Control over data is a key lever in the power structures of today’s information-driven world. A framework that empowers people to exercise agency over their personal data is, therefore, essential to correct power asymmetries which would otherwise seriously undermine people’s power in a democracy. A political party’s approach to people’s privacy, right to information, more broadly people’s role and position in the big data ecosystem, is reflective of its approach to constitutionally guaranteed rights and freedoms. As the country gears up for elections, this must be a metric on which the commitments of political parties in their manifestos and campaigns are judged. Digitisation is here to stay, but its benefits must not obliterate the need to develop inclusive and rights-based models that will be beneficial in the long run.

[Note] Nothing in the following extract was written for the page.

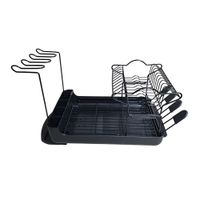 Escurridor de Platos de 2 Niveles con Porta Vasos y Copas Negro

Challenges to privacy are pervasive. But an election time in a democracy amplifies these challenges and the potential damage to people’s rights as political and business interests intensify, impacting not only individuals, but the state of the democracy as a whole. A people-centric data protection regime that finally readjusts the balance that has so far tilted in favour of data fiduciaries in the private sector and government, is the key to unlocking the full potential of Digital India.